Before having a baby, before getting married whitewater kayaking was an activity that I loved. The sport was totally mental challenging me to control my fears and anxieties, relinquish all my worldly baggage of emotional conflicts or self-conscious nervousness, and just be. Be apart of the water, apart of the environment, be apart of myself. I loved the challenging aspects of overcoming my fear and embracing my wildness.
Well, needless to say marriage and definitely motherhood has calmed my savage beast (if ever a beast existed). Moving farther from the rivers I loved did not help. There is no resentment or disdain. I have made my choices and I am content with my decisions. But that does not mean I do not miss the healing power the rivers have on my psyche.
Over Memorial weekend I paddled three days in a row, an opportunity that has not manifested in several years. The rivers I paddled were far from demanding, but it did not matter because of the connections I made. Another important aspect of paddling are the relations formed. Whether its reconnecting with old friends or listening to a hurting heart or making small talk with a new acquaintance the humanity encompassed by a common interest is irreplaceable.
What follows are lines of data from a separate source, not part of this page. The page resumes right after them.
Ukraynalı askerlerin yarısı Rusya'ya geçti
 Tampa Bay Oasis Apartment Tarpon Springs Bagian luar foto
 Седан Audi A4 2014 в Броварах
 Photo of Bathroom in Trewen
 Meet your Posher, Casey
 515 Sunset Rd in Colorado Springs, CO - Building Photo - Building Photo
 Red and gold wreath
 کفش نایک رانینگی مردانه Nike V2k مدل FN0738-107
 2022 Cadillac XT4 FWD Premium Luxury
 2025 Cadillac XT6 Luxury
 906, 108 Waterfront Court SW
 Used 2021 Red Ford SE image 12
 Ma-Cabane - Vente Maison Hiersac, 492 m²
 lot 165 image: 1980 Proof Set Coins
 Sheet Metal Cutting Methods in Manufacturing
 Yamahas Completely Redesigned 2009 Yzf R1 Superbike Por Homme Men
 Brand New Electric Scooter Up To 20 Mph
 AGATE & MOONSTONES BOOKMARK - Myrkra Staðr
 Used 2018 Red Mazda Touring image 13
There was a sense of being incomplete having my daughter and husband absent, yet the time allowed for renewal as well as feeling like my old self. I cannot wait to enlist my daughter in the dearly treasured sport of whitewater paddling. I cannot wait to have a family bond like I experienced as a child with my parents. I hope my daughter will appreciate and cherish the oneness with the water as I have and hopefully it will be our kinship as mother and daughter.